Берлин обороняли старики, инвалиды и дети
Дольше всего противник пытался сопротивляться в Чехословакии, но и там упорные бои завершились полным его разгромом:
«В ходе наступления было разгромлено 15 вражеских дивизий, уничтожено и взято в плен около 428 тыс. солдат и офицеров» (История Второй мировой войны 1939–1945. Т. 10, с. 211).
«Наступил апрель… советское командование завершило отработку плана наступления на Берлин, и стрелки часов неумолимо отсчитывали последние дни вермахта. Немцы продолжали стягивать к фронту на Одере дополнительную технику — от новейших самоходок “ягдтигр”, вооруженных 128-мм орудиями с инфрокрасными ночными прицелами, до трофейных французских винтовок времен первой мировой войны, которые они хранили на складах с 1940 года, — и резервные части: “фольксштурм”, “фольксгренадеры”, остатки полевых дивизий люфтваффе, специальные полицейские роты, охранники концлагерей, гауляйтеры со своими штабами» (Гарт Б.Л., Ширер У.Л., Кларк А., Карел П., Крейг У., Орджилл Д., Стеттиниус Э., Джюкс Д., Питт Б. От «Барбароссы» до «Терминала». Взгляд с Запада. Политическая литература. М., 1988. С. 415).

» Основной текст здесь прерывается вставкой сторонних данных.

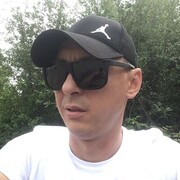 ���������� �����, ���� ������� �������, 40 ���, ������������ ��� ������, ����� � ���������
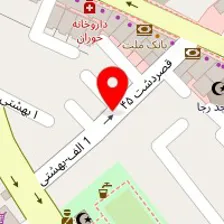 فروشگاه کارتن پلاست افشار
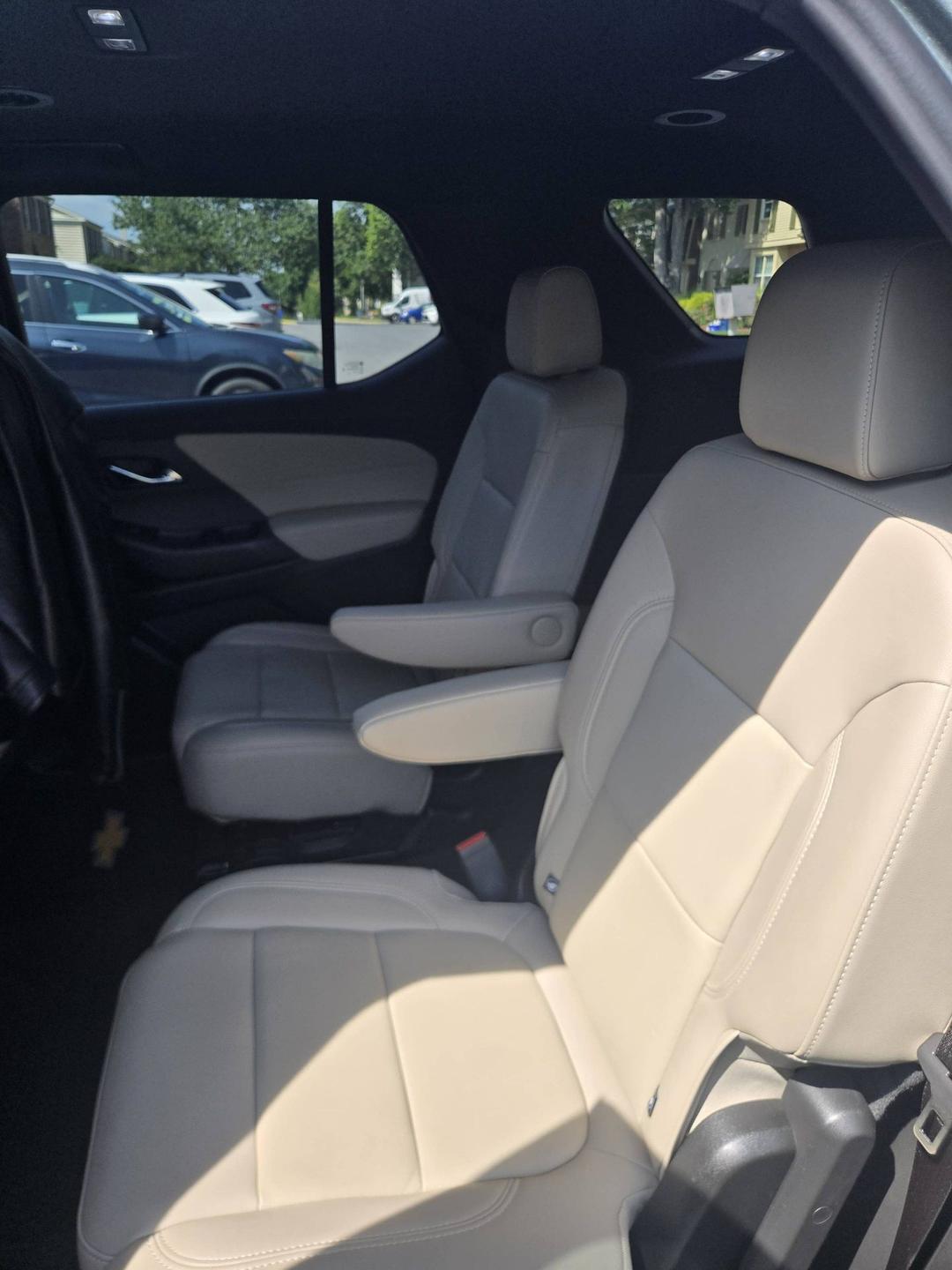 Chevrolet_Traverse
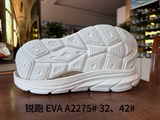 A2275# 32、42.jpg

Одним словом, остатки живого мяса для русских пушек были собраны самые последние и со всей Германии. Все несогласные лечь здесь костьми, остались раскачиваться ветром на многочисленных виселицах погибающей под жерлами русских пушек родины национального социализма, чья быстрая и постыдная гибель явилась более чем естественным концом для палаческой страны, вскормленной международным капиталом. И их смерть являлась теперь вполне приемлемым возмездием за все то зло, которое орды этих вжавшихся теперь от страха в землю палачей натворили в дни своего небывалого триумфа на отданной им на растерзание мировой олигархией банкиров земле.
А вот какой шквал огня был нами обрушен на врага в самом начале Берлинской операции. Лишь за время артиллерийской подготовки по обороняющемуся противнику было выпущено 500 тыс. снарядов, что соответствует:
«1 тыс. вагонов» (История Второй мировой войны 1939–1945. Т. 10, с. 326).
Но это было пока только начало. Уже после артиллерийской подготовки в течение первого дня операции:
«…артиллерия 1-го Белорусского фронта израсходовала 1 236 тыс. снарядов, что составляло почти 2, 5 тыс. железнодорожных вагонов…» (Там же)
А вот какое количество смертоносного груза было опущено на головы вжавшихся теперь от страха в землю этих «культуртрегеров» — охотников за скальпами:
«Только в первый день операции советская авиация совершила 17 500 самолето-вылетов» (Катукова Е.С. Памятное. М., 2002. С. 222).
«В результате мощной артиллерийской подготовки и ударов авиации противнику был нанесен большой урон» (История Второй мировой войны 1939–1945. Т. 10, с. 326).
И чтобы хоть приблизительно представить мощь этого удара, нанесенного нами, стоит лишь сравнить его с началом немцами боевых действий на Курской дуге. Во второй день сражения:
«6 июля было отмечено 1 162 самолето-пролета немецкой авиации в полосе Центрального фронта» (История Второй мировой войны 1939–1945. Т 7. Воениздат М., 1976. С. 147).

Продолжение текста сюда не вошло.